Brainly’s core product is Community Q&A Platform where users can ask any question from any school subject by:

Typing it out
Taking a photo of the question
Saying it out loud

Once a user enters their input, the product provides the answer with step-by-step explanations. If the answer is not in the Knowledge Base already, Brainly sends it to one of the Community Members to respond.

“We build AI-based services at Brainly to boost the educational features and take them to the next level—this is our main reasoning behind taking advantage of the tremendous growth of AI-related research.”
— Paweł Pęczek, Machine Learning Engineer at Brainly

The AI and technology teams at Brainly use machine learning to provide Learners with personalized, real-time learning help and access to the world’s best educational products. The objectives of the AI/ML teams at Brainly are to:

Move from a reactive to a predictive intervention system that personalizes their users’ experience
Solve future educational struggles for users ahead of time
Make students more successful in their educational paths

You can find more on Brainly’s ML story in this article.

Machine learning use cases at Brainly

The AI department at Brainly aims to build a predictive intervention system for its users.
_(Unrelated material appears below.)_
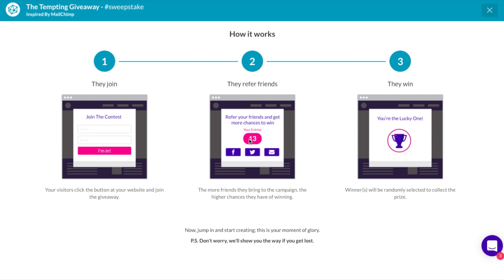If you have one or only a few big prizes that you want to give away, the tempting giveaway template is for you. Participants of the campaign get one entry for each friend that they refer, and the winner is picked at random when the campaign ends. Participants will feel that they have chances to win even if they join the campaign at the last minute, and they can increase their chances by referring more friends.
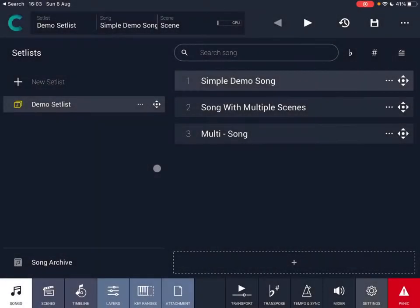Hello everybody, welcome to a new tutorial from Sound4More. It's Leo speaking. In this video we are going to start properly the series on how to use Camelot Pro, a fantastic app to manage your live performances.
Such a system leads them to work on several use cases around the domains of:

Content: Extracting content attributes (e.g., quality attributes) and metadata enrichment (e.g., curriculum resource matching)
Users: Enhancing the learning profile of the users
Visual Search: Parsing images and converting camera photos into answerable queries
Curriculum: Analyzing user sessions and learning patterns to build recommender systems

It would be challenging to elaborate on the MLOps practices for each team working on these domains, so in this article, you will learn how the Visual Search AI team does real-world MLOps.

Watch this video to learn how the Content AI team does MLOps.

“If you think about how users of Brainly’s services formulate their search queries, you may find that they tend to lean towards methods of input that are easy to use. This includes not only visual search but also voice and text search with special kinds of signals that can be explored with AI.“
— Paweł Pęczek, Machine Learning Engineer at Brainly

MLOps team structure

The technology teams at Brainly are divided into product and infrastructure teams. The infrastructure team focuses on technology and delivers tools that other teams will adapt and use to work on their main deliverables.

On top of the teams, they also have departments. The DevOps and Automation Ops departments are under the infrastructure team. The AI/ML teams are in the services department under infrastructure teams but related to AI, and a few AI teams are working on ML-based solutions that clients can consume.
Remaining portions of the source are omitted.